Article remis à jour le 17 juin à 12h30 (précédente version pré-électorale, intitulée « L’Iran vers un rééquilibrage de sa diplomatie ? » le 12 juin) . C’est donc le réformateur Hassan Rohani, religieux de 64 ans, adoubé et soutenu par Akbar Hachémi Rafsandjani et Mohammad Khatami (tous les deux ex-présidents de la République islamique d’Iran), qui a remporté haut la main le scrutin présidentiel du 14 juin. Le taux de participation avoisine les 73 %. Avec plus de 50 % des voix recueillies, il laisse très loin derrière lui les cinq conservateurs en course : le candidat arrivé second, Mohammad Baqer Qalibaf, maire de Téhéran, n’a recueilli qu’un tiers du nombre de voix obtenues par le vainqueur. Et Saïd Jalili, poulain des institutions et favori du Guide Suprême Ali Khamenei, fini troisième avec à peine plus de 11 % des voix.
Soucieux d’éviter à Khamenei de revivre quatre années de conflit plus ou moins ouvert avec le président en exercice (comme ce fut le cas durant le second mandat d’Ahmadinejad entre 2009 et 2013), le Conseil des gardiens de la Constitution avait écarté, dans les semaines précédant le scrutin, les candidats jugés trop peu académiques, Rafsjandjani est le premier a en avoir fait les frais. Mais cela n’aura donc pas suffit : Rohani était (avec Velayati, ex Monsieur diplomatie de l’Iran, sévèrement défait lors de cette élection) le candidat le plus en « rupture » avec la ligne dure du régime sur le terrain des relations internationales. Et la différence d’approche devrait pouvoir être assez vite palpable, singulièrement dans le dossier nucléaire qui reste la clef de voûte de l’arc de tension entre Washington, Tel Aviv et Téhéran.

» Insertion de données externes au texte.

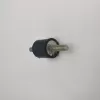 A TİPİ KAUÇUK PULLU TAKOZ M6 20X20 (Lisinya)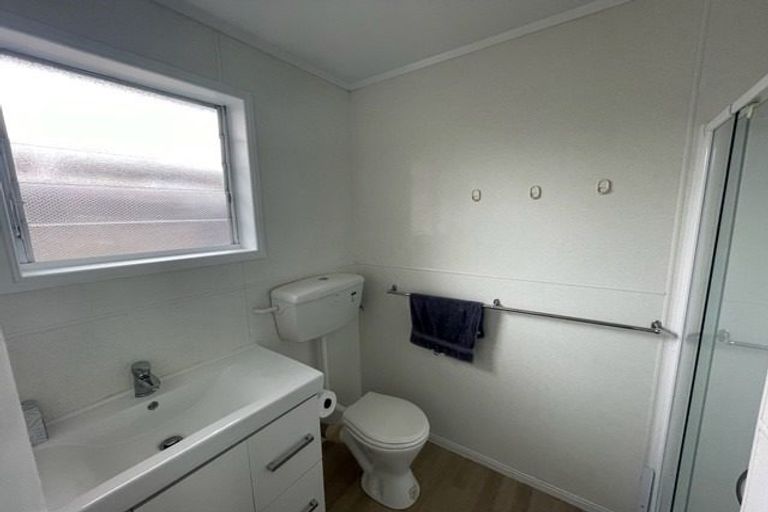 Photo of property in 1/6 Cornwall Road, Papatoetoe, Auckland, 2025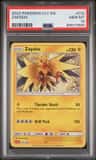 Zapdos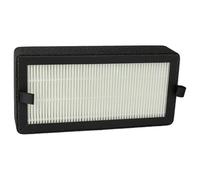 vhbw Filtre HEPA HEPA 13 compatible avec Klarstein Tramontana | purificateur d'air - Filtre de rechange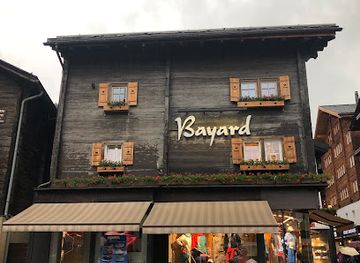 switzerland/valais/shop/bayard-sport-zermatt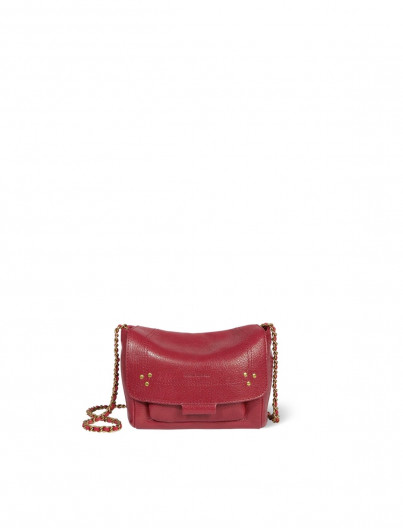 Sac Lulu S - CARMIN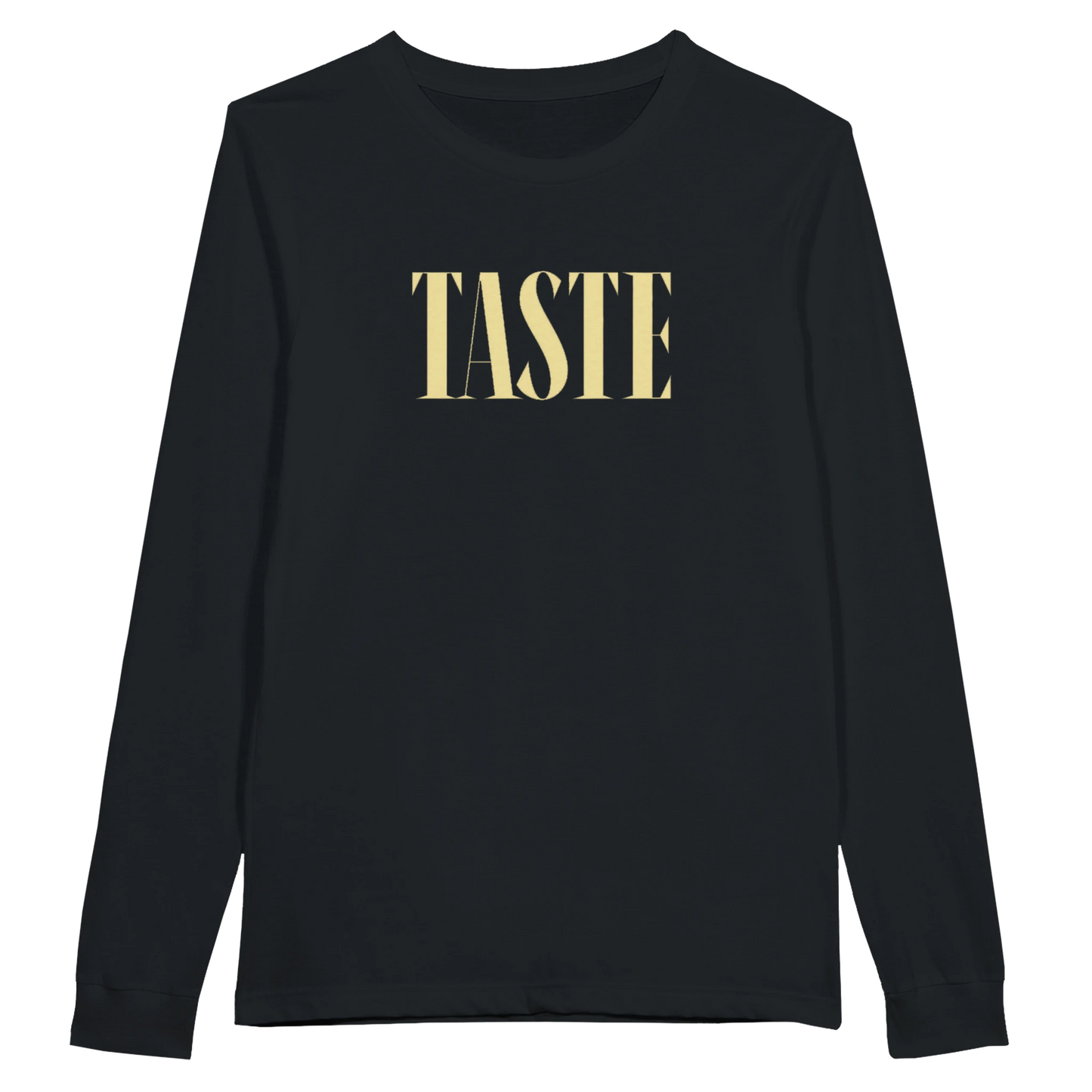 06c7d522-96ab-4345-bd12-80ac42572759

Entre 2003 et 2005, sous la présidence Khatami, Hassan Rohani avait en effet dirigé le dialogue avec les pays occidentaux en prônant une plus grande souplesse. Et fin 2003, il avait accepté et fait savoir que l’Iran suspendait son programme nucléaire. Une position de modération, favorisant le dialogue à la confrontation dure, qu’il a de nouveau défendu durant la campagne.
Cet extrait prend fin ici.